• [Task statement]:
Repeat the data that follows exactly, starting at the line with "Fitting the ArchiTech" and ending at the line with "As you can see, I'm", and leave out every picture.

• [Excerpted data]:
BEGIN

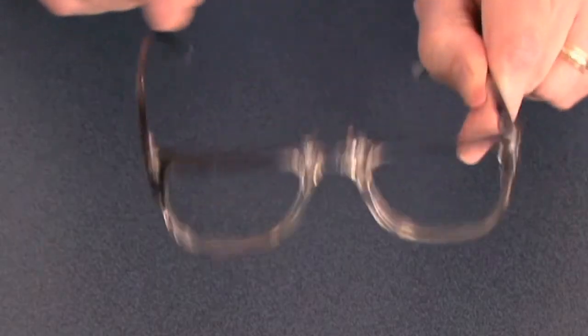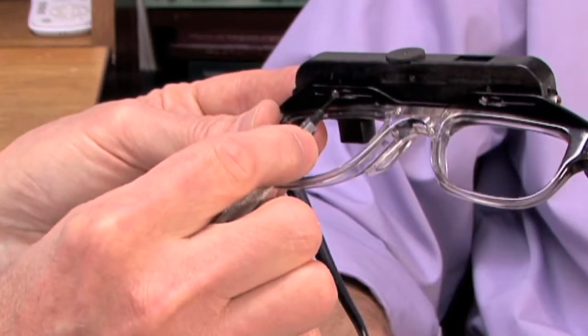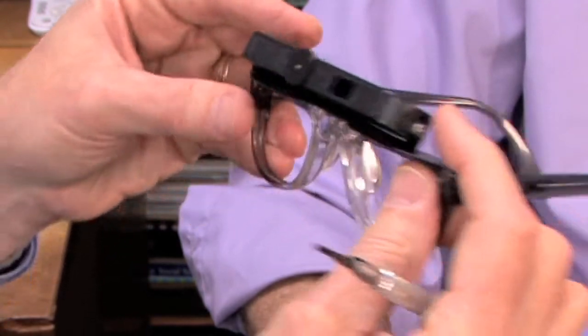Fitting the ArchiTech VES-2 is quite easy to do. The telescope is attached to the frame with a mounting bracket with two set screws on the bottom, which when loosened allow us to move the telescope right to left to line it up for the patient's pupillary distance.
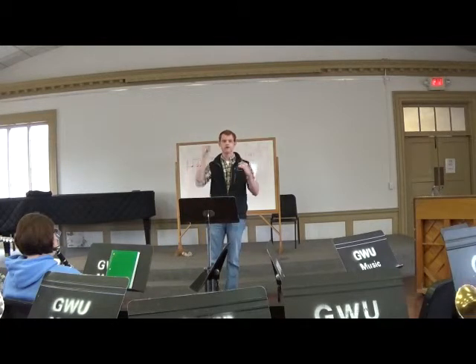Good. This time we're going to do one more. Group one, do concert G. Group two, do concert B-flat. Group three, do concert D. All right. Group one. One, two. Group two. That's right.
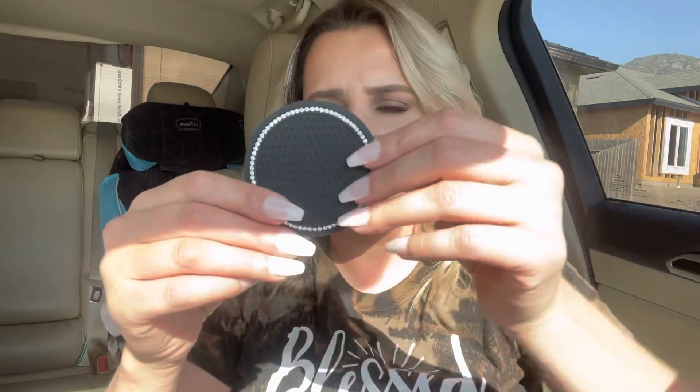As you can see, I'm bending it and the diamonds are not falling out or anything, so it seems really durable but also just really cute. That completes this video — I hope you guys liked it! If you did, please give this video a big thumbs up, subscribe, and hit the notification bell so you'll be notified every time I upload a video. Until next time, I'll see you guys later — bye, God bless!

END
BEGIN

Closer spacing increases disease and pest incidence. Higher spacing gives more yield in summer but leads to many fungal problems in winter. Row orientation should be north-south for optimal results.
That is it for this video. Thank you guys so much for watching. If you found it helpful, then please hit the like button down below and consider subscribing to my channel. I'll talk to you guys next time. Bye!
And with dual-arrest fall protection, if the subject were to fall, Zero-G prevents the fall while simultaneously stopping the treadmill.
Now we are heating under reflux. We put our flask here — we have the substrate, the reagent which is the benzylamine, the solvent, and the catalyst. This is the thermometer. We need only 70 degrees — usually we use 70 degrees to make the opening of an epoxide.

END

• [Output below]:
Fitting the ArchiTech VES-2 is quite easy to do. The telescope is attached to the frame with a mounting bracket with two set screws on the bottom, which when loosened allow us to move the telescope right to left to line it up for the patient's pupillary distance.
Good. This time we're going to do one more. Group one, do concert G. Group two, do concert B-flat. Group three, do concert D. All right. Group one. One, two. Group two. That's right.
As you can see, I'm bending it and the diamonds are not falling out or anything, so it seems really durable but also just really cute. That completes this video — I hope you guys liked it! If you did, please give this video a big thumbs up, subscribe, and hit the notification bell so you'll be notified every time I upload a video. Until next time, I'll see you guys later — bye, God bless!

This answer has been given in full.